The Cost of a Test Defect

Visual CPP Team

April 2nd, 20070 0

Hi, I’m Marina Polishchuk, an SDET on the VC++ Compiler Front End team. Recently, I have been working on investigating Orcas test pass results, which involves validating and reproducing the results, researching into causes of failures, and filing bugs when appropriate. This is a typical activity for an SDET throughout the latter stages of our product cycle, when we most heavily focus on trying to uncover any lingering product issues in our supported features/scenarios. It is a fact that the longer a bug persists in the source, the more costly it becomes: hence, finding bugs early on during Beta testing is very important so they can be fixed in a timely manner. However, the ability to detect product bugs rests crucially on having accurate test results in one’s possession, which brings up the often overlooked type of bug: a test defect. The cost of a test defect, much like that of a product bug, depends largely on the duration of time before it is found—for example, whether it is found before or after a real product regression occurs and is not caught because the associated test case is buggy. In this blog post, I will talk about several kinds of test defects I’ve encountered, steps to ensure a product issue is not hiding behind the failing test, and ideas on how to better detect certain types of test defects.

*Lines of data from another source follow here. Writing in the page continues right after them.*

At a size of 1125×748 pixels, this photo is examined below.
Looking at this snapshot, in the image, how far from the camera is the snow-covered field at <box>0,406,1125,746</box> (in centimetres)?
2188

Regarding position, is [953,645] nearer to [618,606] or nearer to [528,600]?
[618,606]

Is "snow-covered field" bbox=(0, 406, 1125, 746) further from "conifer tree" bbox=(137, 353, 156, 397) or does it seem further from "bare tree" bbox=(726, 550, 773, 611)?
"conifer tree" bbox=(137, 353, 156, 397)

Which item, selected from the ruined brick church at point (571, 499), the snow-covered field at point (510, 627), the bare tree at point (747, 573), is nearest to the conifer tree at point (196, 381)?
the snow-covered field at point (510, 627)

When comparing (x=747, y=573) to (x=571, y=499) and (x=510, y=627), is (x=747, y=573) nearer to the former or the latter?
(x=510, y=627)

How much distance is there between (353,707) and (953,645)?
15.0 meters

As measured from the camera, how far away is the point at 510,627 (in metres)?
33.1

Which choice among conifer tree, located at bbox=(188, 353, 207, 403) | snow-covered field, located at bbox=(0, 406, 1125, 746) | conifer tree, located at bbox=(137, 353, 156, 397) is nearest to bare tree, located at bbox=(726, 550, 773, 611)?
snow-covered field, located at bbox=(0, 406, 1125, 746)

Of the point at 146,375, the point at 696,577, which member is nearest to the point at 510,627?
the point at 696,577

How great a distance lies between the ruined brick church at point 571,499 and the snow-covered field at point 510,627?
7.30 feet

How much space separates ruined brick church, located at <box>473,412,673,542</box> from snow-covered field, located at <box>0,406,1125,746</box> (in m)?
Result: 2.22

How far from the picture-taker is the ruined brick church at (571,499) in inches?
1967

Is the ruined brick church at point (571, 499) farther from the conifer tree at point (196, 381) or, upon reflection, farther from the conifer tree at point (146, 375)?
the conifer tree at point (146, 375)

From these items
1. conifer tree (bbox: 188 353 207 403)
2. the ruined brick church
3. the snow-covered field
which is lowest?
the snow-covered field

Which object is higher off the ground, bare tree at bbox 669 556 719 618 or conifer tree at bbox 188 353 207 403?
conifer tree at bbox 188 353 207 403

An “easy” test bug to be faced with is a test that no longer works due to an intended behavior change in the compiler. I call this bug “easy” in the sense that it is straightforward to detect: “regressed” tests (passing tests that start to fail from one version of the compiler to the next) will be examined by a human, who will determine that the cause is benign, and the tests need updating. Ideally, tests are patched right away to account for the new behavior; if the affected number is large, we may allow them to fail until fixes can be applied, and associate a test bug in our tracking system to the failures so everyone on the team is aware that the failures are expected.

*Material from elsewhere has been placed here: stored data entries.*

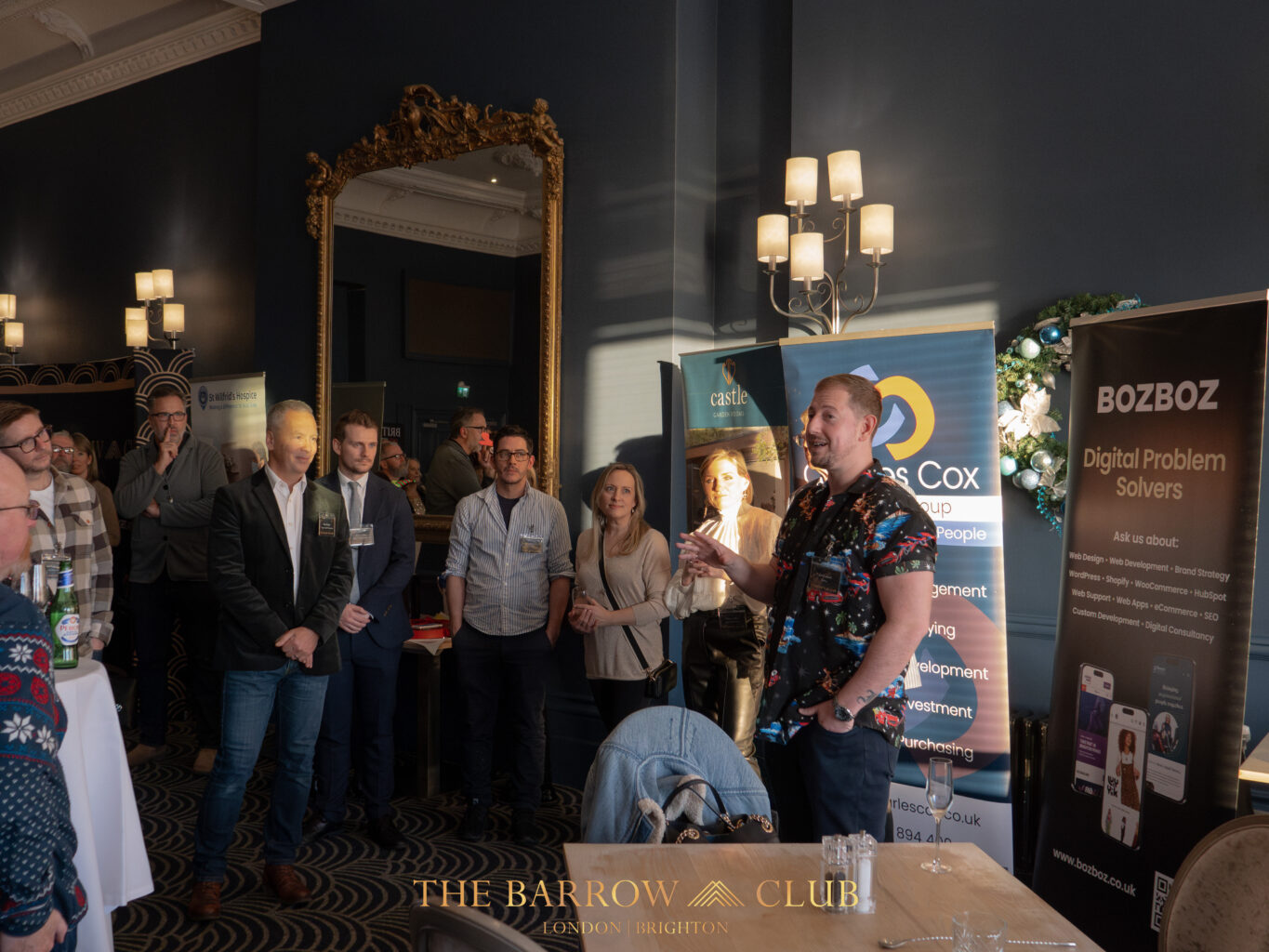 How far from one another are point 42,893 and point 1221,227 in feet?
13.2

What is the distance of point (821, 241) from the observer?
4.08m

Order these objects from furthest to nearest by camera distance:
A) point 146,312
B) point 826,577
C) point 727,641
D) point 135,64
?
1. point 135,64
2. point 146,312
3. point 727,641
4. point 826,577

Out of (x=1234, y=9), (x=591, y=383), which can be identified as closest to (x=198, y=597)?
(x=591, y=383)

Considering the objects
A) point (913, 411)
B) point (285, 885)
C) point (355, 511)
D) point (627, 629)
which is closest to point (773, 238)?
point (913, 411)

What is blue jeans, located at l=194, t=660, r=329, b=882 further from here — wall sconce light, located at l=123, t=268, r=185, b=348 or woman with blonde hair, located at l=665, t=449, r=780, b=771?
wall sconce light, located at l=123, t=268, r=185, b=348

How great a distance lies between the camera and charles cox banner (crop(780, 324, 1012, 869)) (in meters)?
3.51

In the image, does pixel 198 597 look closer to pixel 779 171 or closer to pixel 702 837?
pixel 779 171

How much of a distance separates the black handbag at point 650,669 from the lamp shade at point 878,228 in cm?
167

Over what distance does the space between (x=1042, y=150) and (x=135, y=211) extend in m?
6.30

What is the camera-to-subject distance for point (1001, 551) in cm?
347

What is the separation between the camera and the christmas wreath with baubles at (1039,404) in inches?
149

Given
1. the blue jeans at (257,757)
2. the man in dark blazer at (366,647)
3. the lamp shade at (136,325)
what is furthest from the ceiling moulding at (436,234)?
the blue jeans at (257,757)

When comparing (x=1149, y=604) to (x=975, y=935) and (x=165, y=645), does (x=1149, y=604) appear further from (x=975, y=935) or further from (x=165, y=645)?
(x=165, y=645)

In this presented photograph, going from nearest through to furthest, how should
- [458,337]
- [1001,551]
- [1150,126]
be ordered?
[1001,551], [1150,126], [458,337] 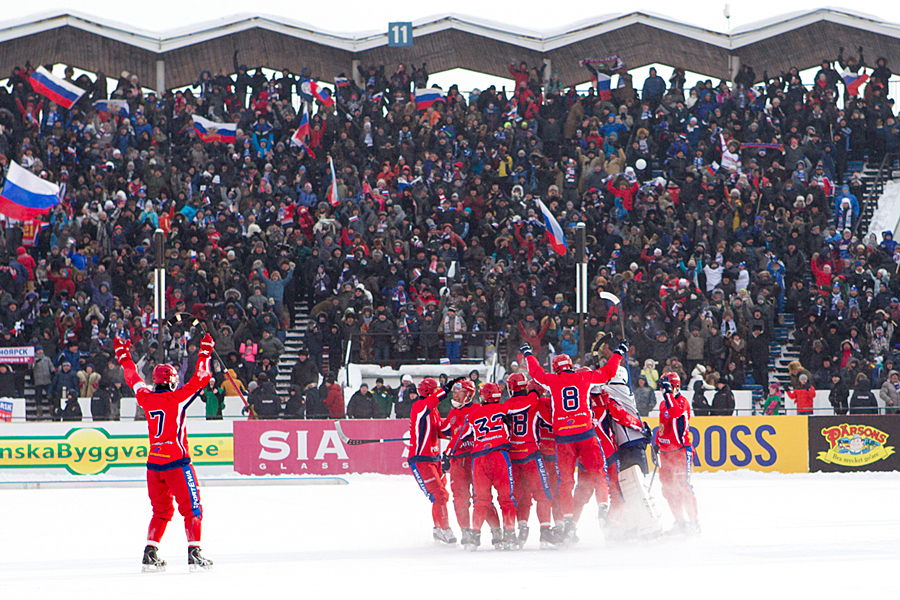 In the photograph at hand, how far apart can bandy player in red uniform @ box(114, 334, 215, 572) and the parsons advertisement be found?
10055 millimetres

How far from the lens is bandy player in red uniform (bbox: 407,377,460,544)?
38.2ft

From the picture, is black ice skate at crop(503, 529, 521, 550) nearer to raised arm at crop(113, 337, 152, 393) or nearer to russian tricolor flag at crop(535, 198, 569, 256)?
raised arm at crop(113, 337, 152, 393)

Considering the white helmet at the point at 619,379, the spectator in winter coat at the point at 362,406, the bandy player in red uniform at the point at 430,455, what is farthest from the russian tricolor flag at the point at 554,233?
the bandy player in red uniform at the point at 430,455

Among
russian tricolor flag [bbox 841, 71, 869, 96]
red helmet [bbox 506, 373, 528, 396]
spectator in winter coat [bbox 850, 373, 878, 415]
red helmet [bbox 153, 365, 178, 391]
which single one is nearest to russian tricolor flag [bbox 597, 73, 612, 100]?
russian tricolor flag [bbox 841, 71, 869, 96]

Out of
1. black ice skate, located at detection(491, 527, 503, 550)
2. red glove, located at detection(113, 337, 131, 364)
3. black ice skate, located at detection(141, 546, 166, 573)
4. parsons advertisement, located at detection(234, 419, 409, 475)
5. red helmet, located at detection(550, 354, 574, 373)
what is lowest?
parsons advertisement, located at detection(234, 419, 409, 475)

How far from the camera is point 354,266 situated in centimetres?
2264

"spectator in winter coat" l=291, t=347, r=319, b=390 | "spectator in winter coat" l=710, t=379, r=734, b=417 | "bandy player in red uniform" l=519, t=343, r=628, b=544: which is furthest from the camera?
"spectator in winter coat" l=291, t=347, r=319, b=390

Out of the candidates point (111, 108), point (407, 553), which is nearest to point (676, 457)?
point (407, 553)

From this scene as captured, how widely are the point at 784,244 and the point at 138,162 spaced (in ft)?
45.9

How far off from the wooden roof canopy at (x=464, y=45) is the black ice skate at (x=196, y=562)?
23402 mm

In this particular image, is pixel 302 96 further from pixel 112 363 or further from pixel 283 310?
pixel 112 363

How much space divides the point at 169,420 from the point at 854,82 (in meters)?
22.9

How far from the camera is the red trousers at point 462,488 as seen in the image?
1134 cm

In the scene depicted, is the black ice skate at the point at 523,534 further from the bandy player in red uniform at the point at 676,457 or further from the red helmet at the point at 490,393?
the bandy player in red uniform at the point at 676,457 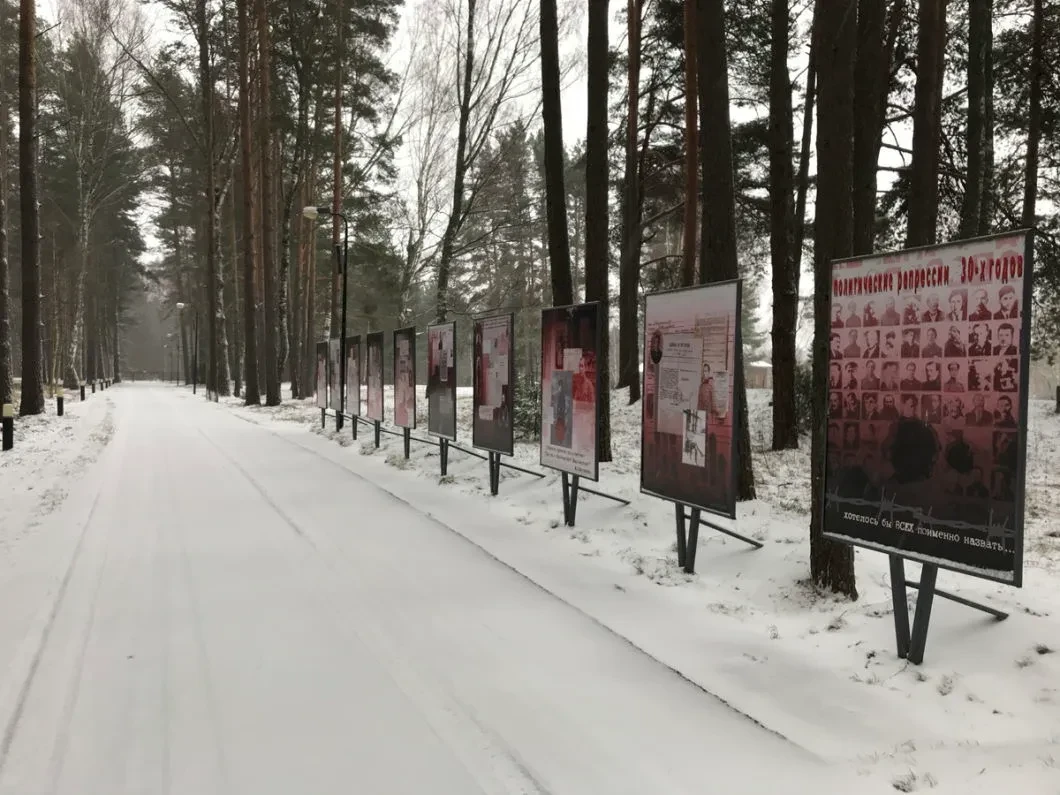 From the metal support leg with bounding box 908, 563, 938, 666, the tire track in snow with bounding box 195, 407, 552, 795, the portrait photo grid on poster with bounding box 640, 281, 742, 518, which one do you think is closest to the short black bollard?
the tire track in snow with bounding box 195, 407, 552, 795

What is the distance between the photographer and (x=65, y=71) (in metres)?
31.5

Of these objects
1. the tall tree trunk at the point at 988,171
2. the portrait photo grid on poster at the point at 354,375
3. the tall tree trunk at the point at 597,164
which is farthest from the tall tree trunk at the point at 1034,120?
the portrait photo grid on poster at the point at 354,375

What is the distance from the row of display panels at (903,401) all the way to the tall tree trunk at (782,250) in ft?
22.6

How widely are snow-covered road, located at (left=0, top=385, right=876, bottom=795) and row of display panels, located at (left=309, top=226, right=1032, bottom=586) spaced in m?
1.42

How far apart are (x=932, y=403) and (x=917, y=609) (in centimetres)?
117

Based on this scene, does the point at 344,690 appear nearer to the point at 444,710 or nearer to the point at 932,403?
the point at 444,710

Another type of test result often seen during beta testing is a false positive: a “failed” result that is not indicative of incorrect compiler behavior. False positives may arise from incorrect machine or product configurations, dependencies on other failing tests, test commands run with insufficient user privileges, etc. False positives are diagnosed either by examining logs or re-running the test if logs are insufficient. Re-creating the original test environment is nontrivial and generally infeasible for factors such as machine stress during a full suite run or non-determinism when tests are executed concurrently on multiple processors. If I cannot recreate the failure, a general course of action is to wait and see whether it manifests on subsequent test runs with the same parameters, possibly expanding its logging output to ease configuration failure diagnoses. In my view, false positives are also benign with respect to product quality, unless of course one considers the time taken away from discovering real defects while investigating spurious errors.

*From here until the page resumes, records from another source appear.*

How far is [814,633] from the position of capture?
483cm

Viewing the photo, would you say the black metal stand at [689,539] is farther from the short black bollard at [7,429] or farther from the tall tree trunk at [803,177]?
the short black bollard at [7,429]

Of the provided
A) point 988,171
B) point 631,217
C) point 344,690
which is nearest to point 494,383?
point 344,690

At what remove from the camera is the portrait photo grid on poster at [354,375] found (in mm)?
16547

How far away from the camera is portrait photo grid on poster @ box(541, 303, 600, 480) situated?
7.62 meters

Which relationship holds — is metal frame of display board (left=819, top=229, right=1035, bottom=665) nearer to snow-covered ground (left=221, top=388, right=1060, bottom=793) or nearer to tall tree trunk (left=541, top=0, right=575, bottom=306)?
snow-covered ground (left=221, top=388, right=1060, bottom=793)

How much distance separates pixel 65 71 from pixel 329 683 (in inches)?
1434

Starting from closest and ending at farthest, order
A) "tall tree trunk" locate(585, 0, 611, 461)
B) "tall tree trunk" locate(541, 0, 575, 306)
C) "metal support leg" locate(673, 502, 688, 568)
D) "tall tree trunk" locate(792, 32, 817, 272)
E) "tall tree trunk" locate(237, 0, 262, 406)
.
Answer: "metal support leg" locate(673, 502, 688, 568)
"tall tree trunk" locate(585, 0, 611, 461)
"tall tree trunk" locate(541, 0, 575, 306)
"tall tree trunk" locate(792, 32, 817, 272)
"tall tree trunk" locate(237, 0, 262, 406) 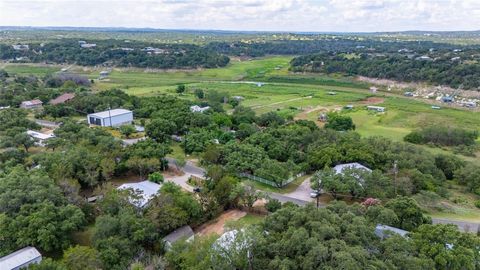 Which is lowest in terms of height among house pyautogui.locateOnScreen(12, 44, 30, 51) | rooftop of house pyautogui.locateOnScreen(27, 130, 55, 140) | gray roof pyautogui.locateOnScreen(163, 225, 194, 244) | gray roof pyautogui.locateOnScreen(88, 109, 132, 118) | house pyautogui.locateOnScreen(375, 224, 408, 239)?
gray roof pyautogui.locateOnScreen(163, 225, 194, 244)

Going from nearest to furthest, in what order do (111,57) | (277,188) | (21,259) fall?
(21,259), (277,188), (111,57)

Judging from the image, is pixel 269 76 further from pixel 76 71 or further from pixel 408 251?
pixel 408 251

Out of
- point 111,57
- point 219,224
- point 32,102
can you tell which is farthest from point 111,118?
point 111,57

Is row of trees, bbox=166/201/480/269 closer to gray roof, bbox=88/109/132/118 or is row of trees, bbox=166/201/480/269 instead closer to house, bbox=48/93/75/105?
gray roof, bbox=88/109/132/118

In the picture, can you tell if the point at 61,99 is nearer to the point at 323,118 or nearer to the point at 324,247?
the point at 323,118

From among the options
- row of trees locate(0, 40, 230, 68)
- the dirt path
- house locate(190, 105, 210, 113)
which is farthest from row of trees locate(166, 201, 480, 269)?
row of trees locate(0, 40, 230, 68) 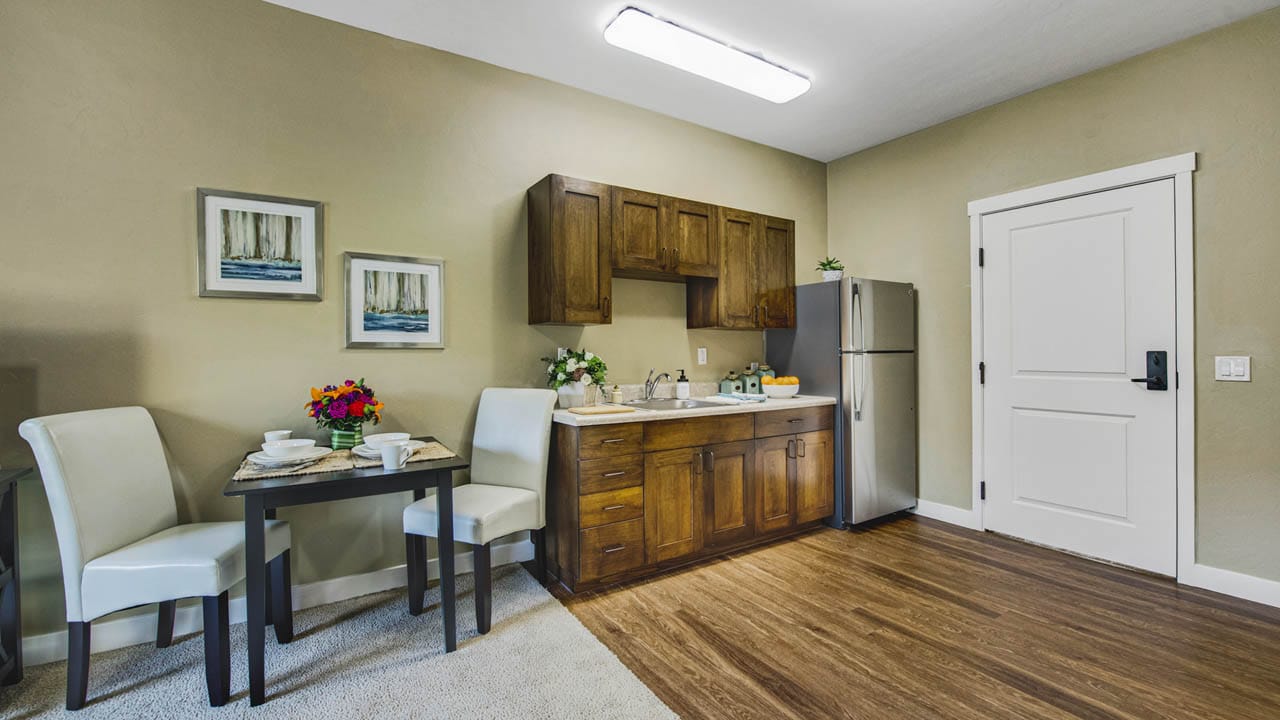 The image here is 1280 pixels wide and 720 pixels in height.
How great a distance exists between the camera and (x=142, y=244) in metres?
2.35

Finally, a highly distressing type of test result is a false negative: a passing result from a test that exercises a bug in the compiler, but fails to report it. Since code coverage of the compiler is the same whether a test reports “1” or “0” at the end, and testers generally do not perform much investigating of passing results, such test failures often go undetected for a long time. A phenomenon I find interesting with respect to bug-finding tools at large is that they generally throw away information associated with affirmative results. Within our test harnessing, we avoid logging test execution details for tests that report “pass” by default. Given the current practices, this is quite reasonable: no one will investigate passing test results, so why preserve logs that no one will be looking at? However, when one reasons about causes of failures solely from logging information, details of how the test last passed become important. In particular, saving test traces regardless of result type opens up opportunities for better diagnosis of false negatives: rather than reporting isolated test results per test run, a more advanced harness might consider previous results to contextualize test results from run to run. Taking “pass” and “fail” results only, six new result types may be derived from considering result pairs, as follows:

Run₁

Run₂

Log Differences

(i)

pass

same

(ii)

pass

fail

(iii)

fail

pass

(iv)

fail

different

(v)

pass

different

(vi)

fail

same

Result types (i) and (vi) would not need to be examined, as they definitely have no associated product behavior changes (presumably, (vi) has been investigated previously). Result type (ii) is a regression that would be investigated as usual. Result type (iii) could be used to verify that a new passing result corresponds to a bug fix in the product and not a manifestation of a test bug. Result (iv) could be used to examine a test case for possible coverage of several compiler bugs: it may already be failing due to Bug #1, but may have started to fail differently due to Bug#2. Currently, this test case would not effectively detect Bug#2, as Bug#1 will have been associated to it as the cause for its failure, deeming it an “expected failure” that does not need to be re-analyzed. Result (v) is most notable in that it could be used to find false positives. For example, a few months ago, a small number of our tests were found to return “pass” even when the compiler was not installed. With either result (iii) or (v), this bug would have been caught at the first configuration failure, rather than sporadically later on. Result (v) may also expose logic errors: if a test prints “Value=4” during one run, and “Value=2147942402” on the next run, both passing, then its behavior may be worth double-checking. Of course, logging information would have to be designed with differencing in mind, handling run-specific values (such as pointer values and timing information) specially. If anyone has tried this type of test result analysis, I would be curious to hear about your experiences.